Drinking mikes hard & watching the swan princess. i fucking LOVE college
Hey, you guys have all had chicken pox, right?
filling out my bracket based on schools with ppl I've hooked up with
If I were there, I'd be putting a martini in you, via funnel if need be, and you would be doing this thing.
Restaurants Roasting People Who Gave Them Negative Yelp Reviews (25 Pics)
I just used my glow stick from the dance to find my way in the bathroom to puke. Who wants me on their corporate team
When I said to shut up, I meant it. I'm sorry you have a bald spot now, but it was necessary.
JOY: That feeling when you crack open a handle for the first time, and the flow limiter comes off with the cap.
Please God, is a penis possibly making it to vagina town to much to ask for tonight.

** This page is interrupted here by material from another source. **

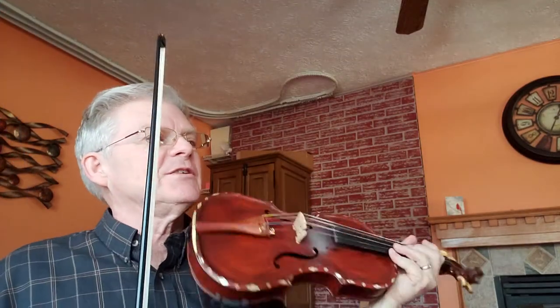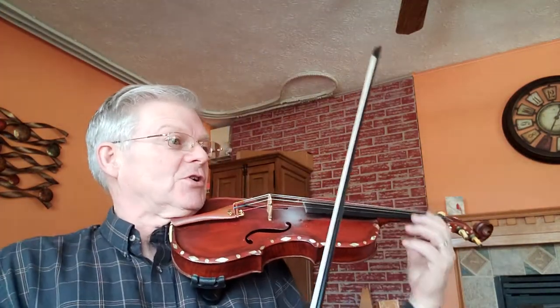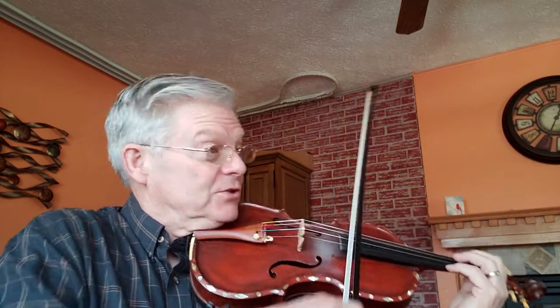We're at the top of page 47 in the 1000 Fiddle Tunes book, and this is Bulldozer Reel. Bulldozer has two sharps in the key signature, key of D major. One and two.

You were crying because you hate wine coolers but you really wanted to prove you could finish it
Woman Posts Harassing DMs From Creep Online, Now He’s Upset Because People Told His Mom
You peed up the stairs in front of everyone then blamed it on the dog
Dude hobos go hard. I learned a lot last night.
I woke up naked to an alarm set for 11:18 pm and missing a shoe. How was your night?
Times have changed. Freshman year I could throw my shirt in a bonfire and still get laid. Now when I puke in my girlfriend's bed on her birthday I'm "an asshole"
If you ever feel goofy just think of the fact that I just shaved the batman symbol into my pubes
He weighed maybe 130, his dick had to be 30 of it. SO BIIIIG.